Johana, ¿quien te dio el derecho de dañar, debilitar y arruinar a un hombre, quitándole la oportunidad de florecer en la vida con su amada de verdad? Quitarse el dinero de alguien por gusto no es ningún juego, especialmente cuando no tenías la menor intención de comprometerte ni casarte conmigo. Que lastima, que pudor tuyo. Eres una sinvergüenza de veras. Malogras la reputación de tu gente frente al mundo, utilizando a quien quieras como fuéramos personas desechables. Estoy harto del resentimiento, tanto que he escrito esta polémica en tu contra. Merecía mejor en la vida que conocer a la más engañosísima en toda época, eres tú. Egoísta, egocéntrica… y regia. Tal como llamas tanta atención, consigues la caza.
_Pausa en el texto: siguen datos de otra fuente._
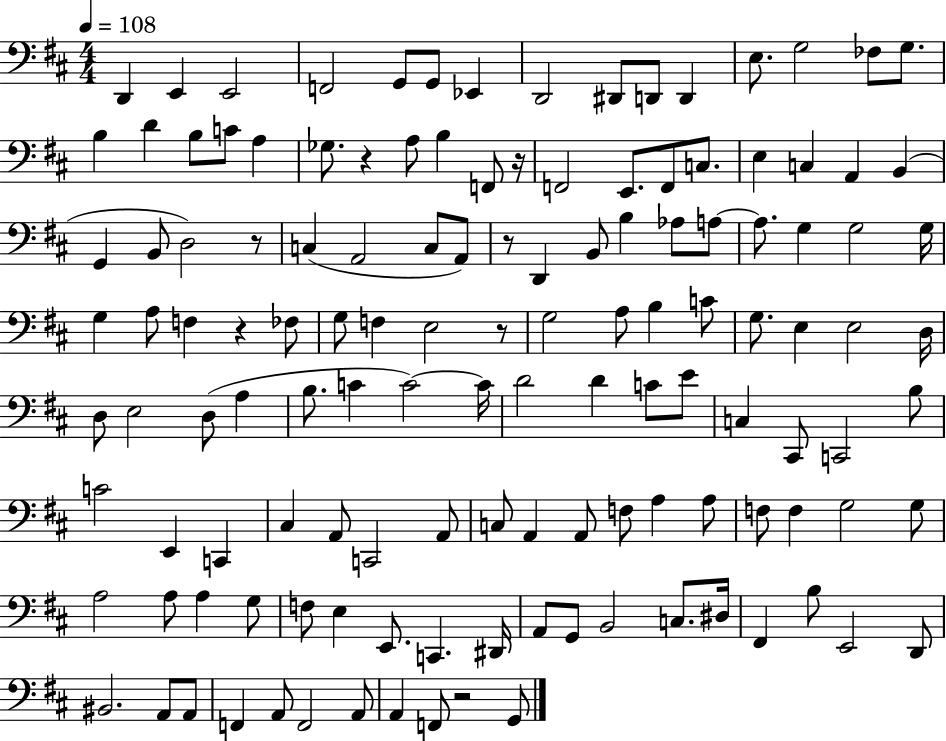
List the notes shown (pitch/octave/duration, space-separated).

D2/q E2/q E2/h F2/h G2/e G2/e Eb2/q D2/h D#2/e D2/e D2/q E3/e. G3/h FES3/e G3/e. B3/q D4/q B3/e C4/e A3/q Gb3/e. R/q A3/e B3/q F2/e R/s F2/h E2/e. F2/e C3/e. E3/q C3/q A2/q B2/q G2/q B2/e D3/h R/e C3/q A2/h C3/e A2/e R/e D2/q B2/e B3/q Ab3/e A3/e A3/e. G3/q G3/h G3/s G3/q A3/e F3/q R/q FES3/e G3/e F3/q E3/h R/e G3/h A3/e B3/q C4/e G3/e. E3/q E3/h D3/s D3/e E3/h D3/e A3/q B3/e. C4/q C4/h C4/s D4/h D4/q C4/e E4/e C3/q C#2/e C2/h B3/e C4/h E2/q C2/q C#3/q A2/e C2/h A2/e C3/e A2/q A2/e F3/e A3/q A3/e F3/e F3/q G3/h G3/e A3/h A3/e A3/q G3/e F3/e E3/q E2/e. C2/q. D#2/s A2/e G2/e B2/h C3/e. D#3/s F#2/q B3/e E2/h D2/e BIS2/h. A2/e A2/e F2/q A2/e F2/h A2/e A2/q F2/e R/h G2/e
Así me convertí en victima, era muy fácil de tu parte. Sabías que los hombres son tontos. Especialmente al involucrar a una niña preciosa que supuestamente se había enfermado, ficción total que inventaste.
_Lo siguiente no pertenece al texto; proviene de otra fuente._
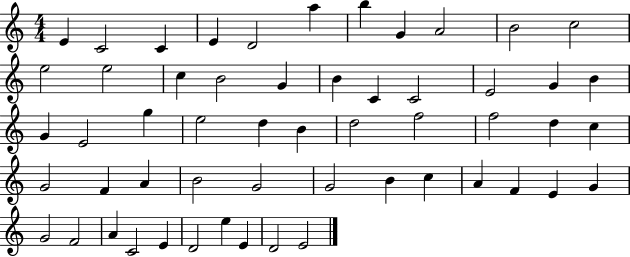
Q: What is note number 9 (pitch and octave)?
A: A4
Esa plata que me hurtabas, ahora se ve bien a causa de tu inversión en las nuevas tetas. Conseguiste las mejores siliconas para poder difundir imágenes de tus senos por Internet. Me lo imagino que así sigues engañando a más ingenuos. Mientras tanto, sigues la vida fácil incluso de la rumba frecuente también. Un rumbo depravado para una sinvergüenza, que sorpresa que ese proviene de la mujer que ahora carece de amor para su hija por medio de su pésimo ejemplo como madre.
Bueno, ya bastante te maldije. Que pagues el precio por tus hechos, no por la mano de hombre, sino por la justicia de Dios. Así será, querida.